[DATA EXTRACT Boundary: Start]

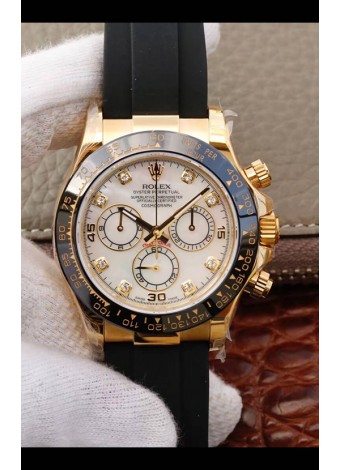 Rolex Cosmograph Daytona 116508 Oro Amarillo Movimiento Original Cal.4130  - Reloj de Acero Ultimate 904L Mejorado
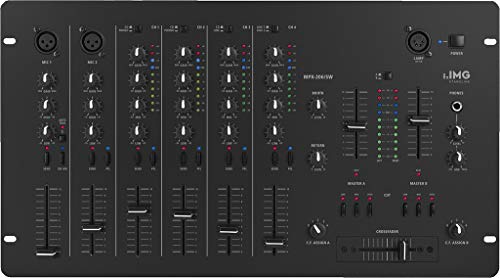 IMG 202480 Stageline MPX-206/SW 6-Kanal-Stereo-Mischpult, 1 DJ-Mikrofonkanal, schwarz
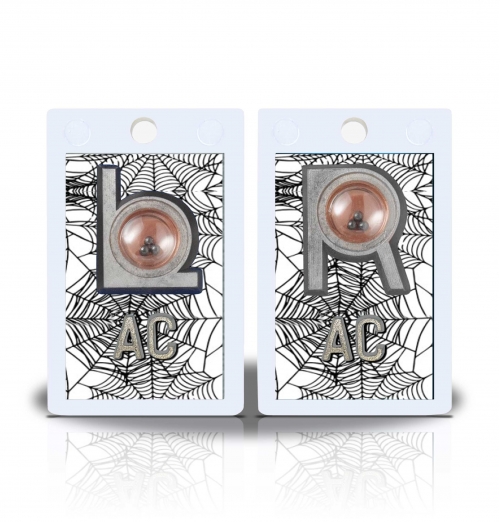 2" Height Non Sticky Positioning Xray Markers- Spiderweb Graphic Pattern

[DATA EXTRACT Boundary: End]

▶ [WORK INSTRUCTIONS]: Exclude the images and output the lines above exactly.

▶ [EXERCISE OUTPUT]:
 Rolex Cosmograph Daytona 116508 Oro Amarillo Movimiento Original Cal.4130  - Reloj de Acero Ultimate 904L Mejorado
 IMG 202480 Stageline MPX-206/SW 6-Kanal-Stereo-Mischpult, 1 DJ-Mikrofonkanal, schwarz
 2" Height Non Sticky Positioning Xray Markers- Spiderweb Graphic Pattern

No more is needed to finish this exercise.